■ PROMPT ■
In the listing below, find each line holding "Size" and copy it.

■ DATASET ENTRIES ■
== Segment start ==

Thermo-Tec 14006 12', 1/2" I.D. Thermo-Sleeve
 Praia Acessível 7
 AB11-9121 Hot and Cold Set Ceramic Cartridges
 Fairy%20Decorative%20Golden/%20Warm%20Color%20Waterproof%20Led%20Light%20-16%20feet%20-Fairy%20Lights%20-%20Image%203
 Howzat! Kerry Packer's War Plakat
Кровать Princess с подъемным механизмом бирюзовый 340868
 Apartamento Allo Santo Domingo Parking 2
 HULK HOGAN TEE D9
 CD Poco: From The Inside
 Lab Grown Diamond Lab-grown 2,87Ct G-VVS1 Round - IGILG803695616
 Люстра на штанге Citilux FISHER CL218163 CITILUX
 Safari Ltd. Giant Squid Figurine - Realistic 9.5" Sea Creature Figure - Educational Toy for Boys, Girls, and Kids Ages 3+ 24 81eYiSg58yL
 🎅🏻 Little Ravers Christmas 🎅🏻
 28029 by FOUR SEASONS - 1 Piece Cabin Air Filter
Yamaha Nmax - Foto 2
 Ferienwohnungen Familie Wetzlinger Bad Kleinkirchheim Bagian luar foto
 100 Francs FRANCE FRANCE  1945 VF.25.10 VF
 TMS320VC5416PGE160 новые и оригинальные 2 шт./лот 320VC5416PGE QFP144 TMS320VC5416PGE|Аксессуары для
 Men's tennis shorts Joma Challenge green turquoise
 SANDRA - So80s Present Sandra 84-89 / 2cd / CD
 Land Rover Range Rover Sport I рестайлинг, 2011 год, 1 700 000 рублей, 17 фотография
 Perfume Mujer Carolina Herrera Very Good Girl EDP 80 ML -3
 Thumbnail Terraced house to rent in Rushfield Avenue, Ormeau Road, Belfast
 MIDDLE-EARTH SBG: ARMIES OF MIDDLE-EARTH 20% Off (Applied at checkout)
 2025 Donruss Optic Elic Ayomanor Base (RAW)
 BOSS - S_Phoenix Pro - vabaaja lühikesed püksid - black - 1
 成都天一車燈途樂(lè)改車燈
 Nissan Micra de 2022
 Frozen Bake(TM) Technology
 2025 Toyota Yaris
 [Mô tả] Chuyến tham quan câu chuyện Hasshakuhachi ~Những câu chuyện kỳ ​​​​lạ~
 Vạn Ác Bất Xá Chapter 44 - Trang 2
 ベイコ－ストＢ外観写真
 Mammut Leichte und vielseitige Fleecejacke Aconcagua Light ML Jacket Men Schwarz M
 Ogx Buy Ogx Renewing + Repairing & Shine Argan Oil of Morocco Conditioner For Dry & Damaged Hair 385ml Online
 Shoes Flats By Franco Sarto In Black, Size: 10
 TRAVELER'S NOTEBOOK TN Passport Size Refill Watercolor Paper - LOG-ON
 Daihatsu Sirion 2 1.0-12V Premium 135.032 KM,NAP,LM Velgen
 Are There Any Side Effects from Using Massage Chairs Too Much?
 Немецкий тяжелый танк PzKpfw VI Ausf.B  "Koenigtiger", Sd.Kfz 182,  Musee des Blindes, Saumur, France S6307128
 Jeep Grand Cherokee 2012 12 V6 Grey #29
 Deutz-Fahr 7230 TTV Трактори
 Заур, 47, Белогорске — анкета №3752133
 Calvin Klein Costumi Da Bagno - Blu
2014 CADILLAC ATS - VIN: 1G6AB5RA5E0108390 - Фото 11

== Segment end ==

■ ANSWER TO THIS PROBLEM ■
 Shoes Flats By Franco Sarto In Black, Size: 10
 TRAVELER'S NOTEBOOK TN Passport Size Refill Watercolor Paper - LOG-ON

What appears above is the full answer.